LE BYOD INQUIÈTE AUSSI LES SALARIÉS

De plus en plus en vogue, le Byod (1) a son revers. Selon une étude (2) menée par Aruba Networks, fournisseur de solutions d’accès réseau, bon nombre de salariés utilisant leur propre terminal mobile au bureau sont inquiets à l’idée que leur employeur puisse accéder à leurs informations personnelles (ils sont 25 % en Europe, 45 % aux États-Unis). Si tel était le cas, 41 % des sondés européens et 46 % des américains le percevraient comme une violation. Particulièrement redoutée, par près de la moitié des salariés européens (45 %) : la perte de données.

Nombreux sont ceux qui, du coup, renâclent à l’idée de confier leur matériel au service informatique de leur entreprise. Près d’un salarié européen sur six confesse n’avoir pas même prévenu son employeur qu’il travaillait sur son terminal personnel. Problème : 13 % des salariés en Europe (11 % aux États-Unis) disent qu’ils n’informeraient pas leur entreprise si leur terminal était corrompu.
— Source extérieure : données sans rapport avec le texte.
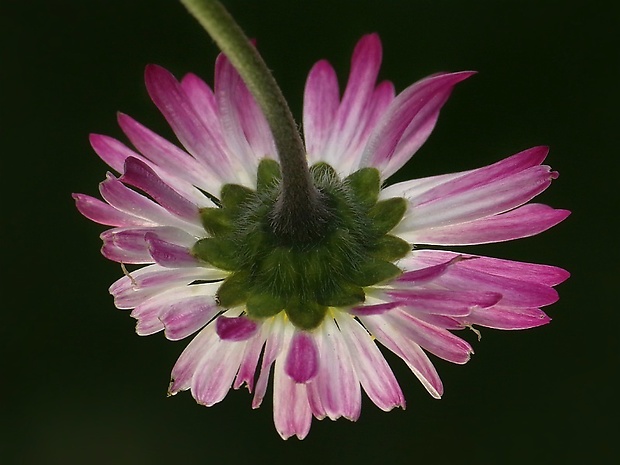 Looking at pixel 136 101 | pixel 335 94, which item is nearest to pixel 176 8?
pixel 136 101

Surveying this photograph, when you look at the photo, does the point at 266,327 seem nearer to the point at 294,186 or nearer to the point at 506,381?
the point at 294,186

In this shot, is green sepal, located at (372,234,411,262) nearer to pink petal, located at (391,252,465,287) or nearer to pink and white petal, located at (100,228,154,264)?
pink petal, located at (391,252,465,287)

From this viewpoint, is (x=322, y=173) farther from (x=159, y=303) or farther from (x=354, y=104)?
(x=159, y=303)

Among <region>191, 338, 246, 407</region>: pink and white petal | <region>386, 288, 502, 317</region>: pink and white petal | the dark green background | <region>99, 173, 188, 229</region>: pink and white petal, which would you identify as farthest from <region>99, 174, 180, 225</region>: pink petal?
the dark green background

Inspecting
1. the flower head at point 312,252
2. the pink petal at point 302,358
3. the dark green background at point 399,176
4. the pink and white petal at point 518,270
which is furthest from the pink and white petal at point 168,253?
the dark green background at point 399,176

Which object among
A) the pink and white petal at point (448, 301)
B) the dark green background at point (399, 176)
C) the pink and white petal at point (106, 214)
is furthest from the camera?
the dark green background at point (399, 176)

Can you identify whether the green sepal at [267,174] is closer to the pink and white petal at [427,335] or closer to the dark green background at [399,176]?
the pink and white petal at [427,335]

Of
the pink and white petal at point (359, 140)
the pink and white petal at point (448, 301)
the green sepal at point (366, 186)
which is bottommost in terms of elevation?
the pink and white petal at point (448, 301)

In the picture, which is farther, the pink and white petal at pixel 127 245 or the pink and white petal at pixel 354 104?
the pink and white petal at pixel 354 104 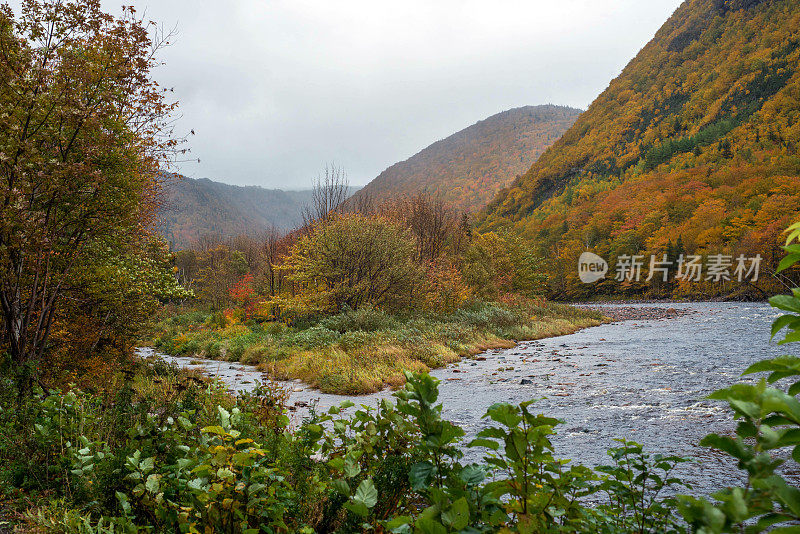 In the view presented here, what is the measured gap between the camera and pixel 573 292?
50.6 metres

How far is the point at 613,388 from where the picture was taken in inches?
315

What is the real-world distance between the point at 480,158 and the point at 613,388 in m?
130

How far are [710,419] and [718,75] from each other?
8781 centimetres

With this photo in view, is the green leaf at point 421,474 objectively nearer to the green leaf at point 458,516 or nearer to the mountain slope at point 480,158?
the green leaf at point 458,516

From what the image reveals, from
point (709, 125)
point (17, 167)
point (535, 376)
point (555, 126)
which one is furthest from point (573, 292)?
point (555, 126)

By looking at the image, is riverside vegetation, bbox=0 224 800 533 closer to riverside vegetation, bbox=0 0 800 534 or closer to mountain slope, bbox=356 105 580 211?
riverside vegetation, bbox=0 0 800 534

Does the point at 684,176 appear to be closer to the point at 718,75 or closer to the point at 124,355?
the point at 718,75

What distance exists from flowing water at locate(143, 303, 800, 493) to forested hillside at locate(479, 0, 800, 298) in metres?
27.1

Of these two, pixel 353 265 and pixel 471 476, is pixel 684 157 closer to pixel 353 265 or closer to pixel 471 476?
pixel 353 265

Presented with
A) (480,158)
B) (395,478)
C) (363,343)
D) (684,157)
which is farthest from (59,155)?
(480,158)

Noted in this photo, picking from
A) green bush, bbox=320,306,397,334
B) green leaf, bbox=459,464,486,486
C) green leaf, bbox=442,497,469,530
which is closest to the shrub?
green bush, bbox=320,306,397,334

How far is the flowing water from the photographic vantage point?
194 inches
Même si cela entraînait une fuite de données professionnelles ! Une problématique certes informatique, mais aussi juridique, qui intéresse les DRH au premier chef. La charte informatique annexée au règlement intérieur restant le meilleur moyen d’encadrer ces pratiques (lire Entreprise & Carrières n° 1142).

(1) Bring your own device.

(2) Enquête menée en mars 2013 auprès de plus de 3 000 salariés dans le monde.